Principle of Occam’s razor finds one of its applications in regression analysis. In regression analysis, one of the most important issues is which predictor variables to include in the model. One common question arises: ‘Are these many predictor variables needed in the model or a model with fewer number of predictor variables will be as accurate?’ It should be noted that when the number of predictor variables is large relative to the total number of observations, models tend to overfit the data. An overfit model actually fits even the noise or unexplained variation in the data.

To avoid overfitting, we would therefore like to have fewer predictors in our model. But how minimal can we get?
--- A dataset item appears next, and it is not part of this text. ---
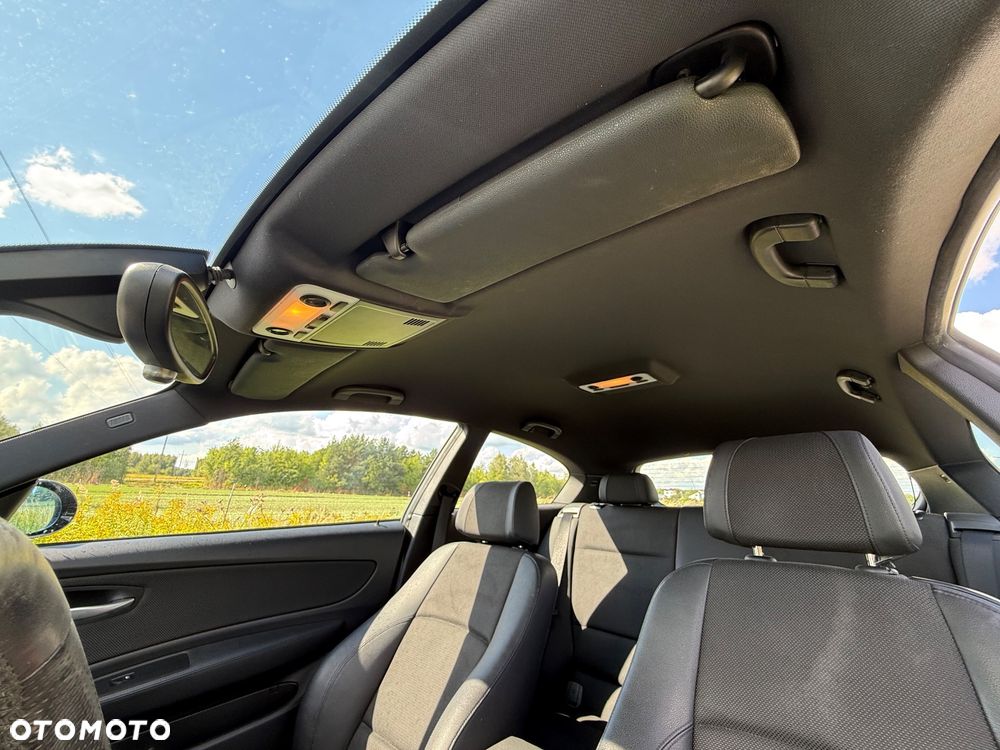 BMW Seria 1 118i Edition Sport - 10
A model with too many variables will have low precision whereas a model with too few variables will be biased. A simple example of underfitting could be, summarizing an outcome measure by just specifying its mean, but this will leave all of the variance in the outcome measure unexplained, and hence the decision biased.

In model building the researcher can avoid overfitting by using the Occam razor or parsimony principle. However, this is also true that historical cases of parsimony principles in practice may have been put forward based on reasons that were theological rather than purely scientific. There is abundant evidence that elimination of variables only in the name of parsimony may not be a productive approach. It is possible for individual variables in a model to be statistically in-significant, but to be collectively important as predictors.

A good statistical model needs a careful balance between bias and accuracy and therefore, involves tradeoffs among simplicity and overfitting.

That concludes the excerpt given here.